Each line with the word "combined" must appear in the answer, copied from the records.

[Crawled caption data]

>>>

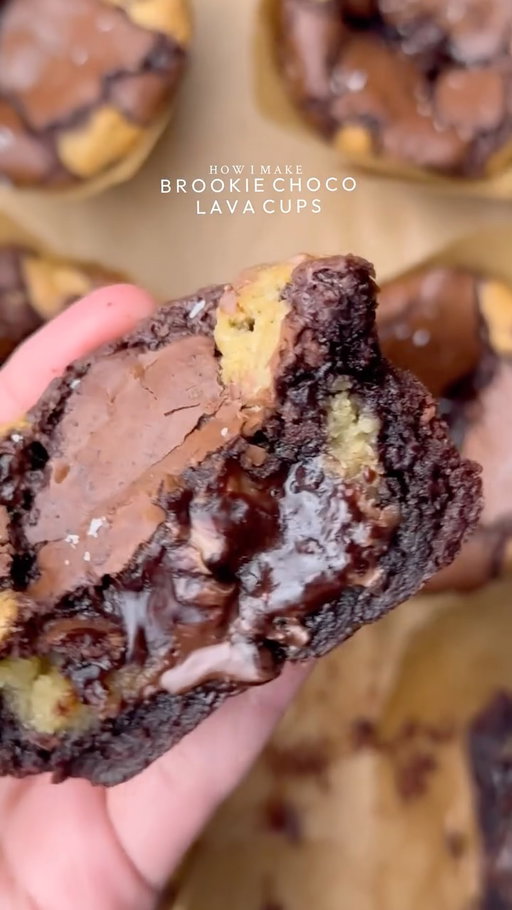 Irresistible chocolate lava Brookie cups🤤 crinkled top, crispy corners and gooey center, exactly how it should be 💯 🤎

Ingredients
FOR BROWNIES:
•170g butter 
•250g white sugar 
•100g light brown sugar 
•3 eggs at room temp
•70g melted dark chocolate 
•65g cocoa powder 
•1 tsp vanilla extract 
•1/2 tsp salt 
•90g All purpose flour 
FOR COOKIES:
•115g cold chopped unsalted butter
•80g caster sugar
•80g light brown sugar
•225g chocolate chunks or chips
•238g plain flour 
•½ tsp salt
•1½ tsp baking powder
•¼ tsp baking soda
•1 egg + egg yolk 
•½ tsp vanilla
INSTRUCTIONS
For brownie batter:
•Melt butter over medium-low heat, stirring every 10–15 seconds. It will foam, turn golden and smell nutty (5–7 mins). Remove from heat immediately once brown bits form. Add chocolate and cocoa powder to hot butter Mix until completely smooth and lump-free. Let it cool slightly (warm, not hot).
•Whisk eggs and sugar well. Whisk until sugar is mostly dissolved.✨This step gives the shiny, crinkly top.
•Add brown butter chocolate mixture + vanilla. Mix smooth. Add dry ingredients, Add flour and salt. Mix just until combined. Do not overmix.
For cookie batter:
•Cream cold butter + sugars. Whisk until slightly creamy and fluffy.Add egg, egg yolk and vanilla. Mix until fully incorporated.
•Add dry ingredients. Flour, baking powder, baking soda & salt. Mix gently until just combined. No overmixing. Fold in chocolate chips
•Chill dough 30–60 mins for better flavor & texture.
Assemble:
•Line your muffin tray with cupcake liners.
Add a layer of rich brownie batter, then spoon over some cookie dough. Press in a few chocolate chunks (I used Galaxy Minis) Top with another layer of brownie batter and finish with small dollops of cookie dough on top to create that beautiful, classic brookie look.
•To bake preheat the oven (fan oven) at 170C and then bake for 25-30 minutes or until the edges are done and top is still little soft. Let it set at room temperature for 30-40 minutes before serving.
•Enjoy✨

#cookie #brownie #chocolate #fyp #explorepage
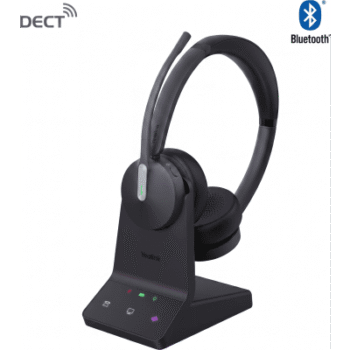 Diadema Inalámbrica Yealink WH64 DECT y Bluetooth con Capacidad de Hasta 32 Horas de Conversación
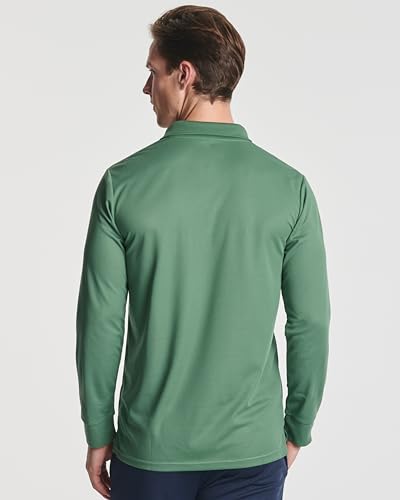 3 Pack Mens Long Sleeve Polo Shirts Dry Fit Golf Work Casual Collared Tops - color: Set 4, size: Small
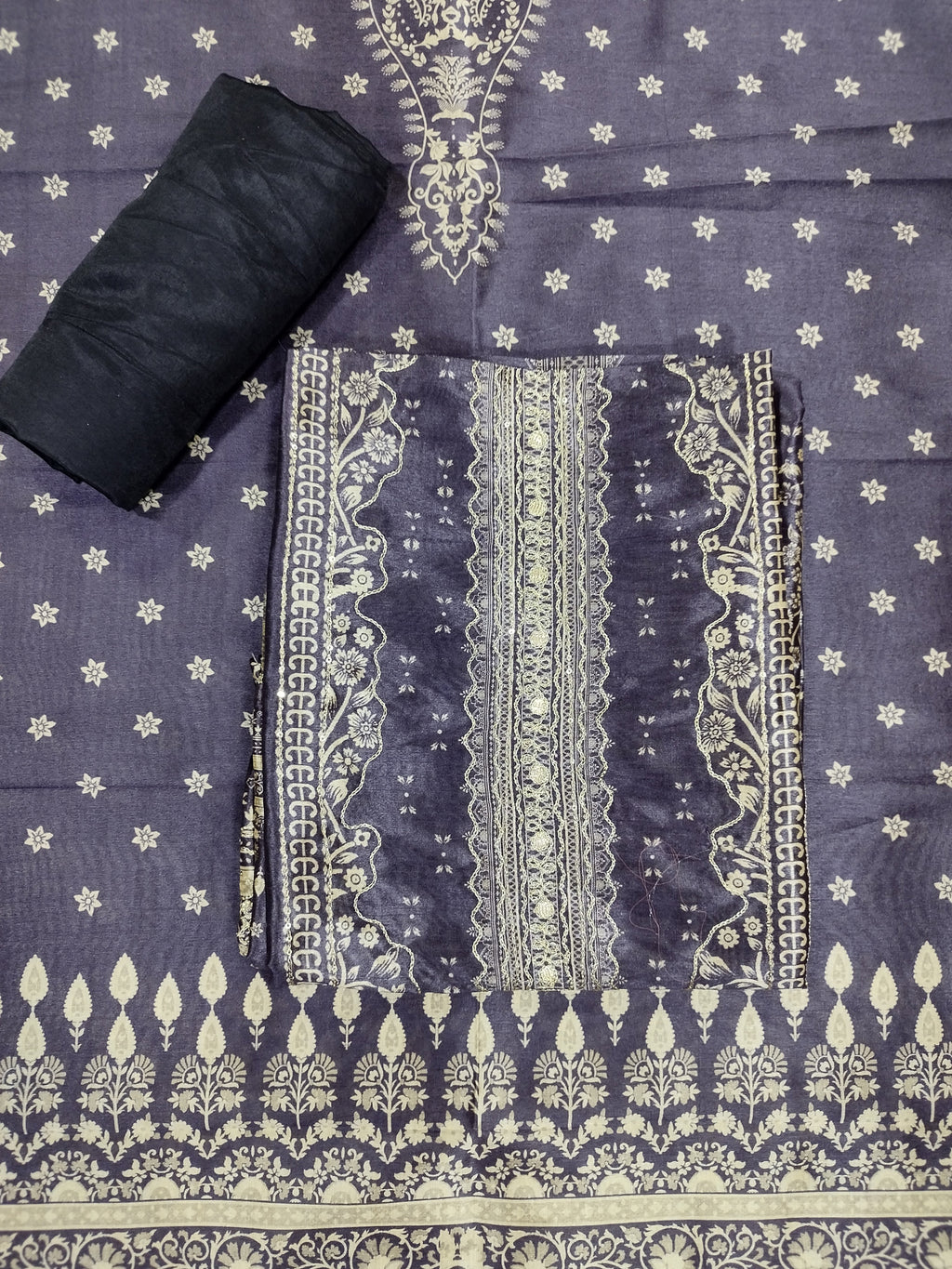 Regal Purple Assam Silk Digital Print Suit | Jari Work & Sequin Embellishments
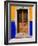 Ornate Wooden Door on Colorful Wall, Guanajuato, Mexico-Julie Eggers-Framed Photographic Print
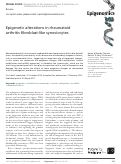 Cover page: Epigenetic alterations in rheumatoid arthritis fibroblast-like synoviocytes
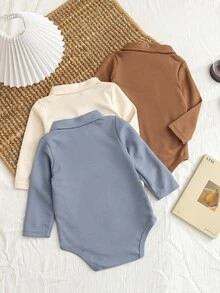 3件套男婴春秋季半开领连体衣，婴儿连体衣，宝宝连体衣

<<<

SOLUTION BELOW:
•Add brown butter chocolate mixture + vanilla. Mix smooth. Add dry ingredients, Add flour and salt. Mix just until combined. Do not overmix.
•Add dry ingredients. Flour, baking powder, baking soda & salt. Mix gently until just combined. No overmixing. Fold in chocolate chips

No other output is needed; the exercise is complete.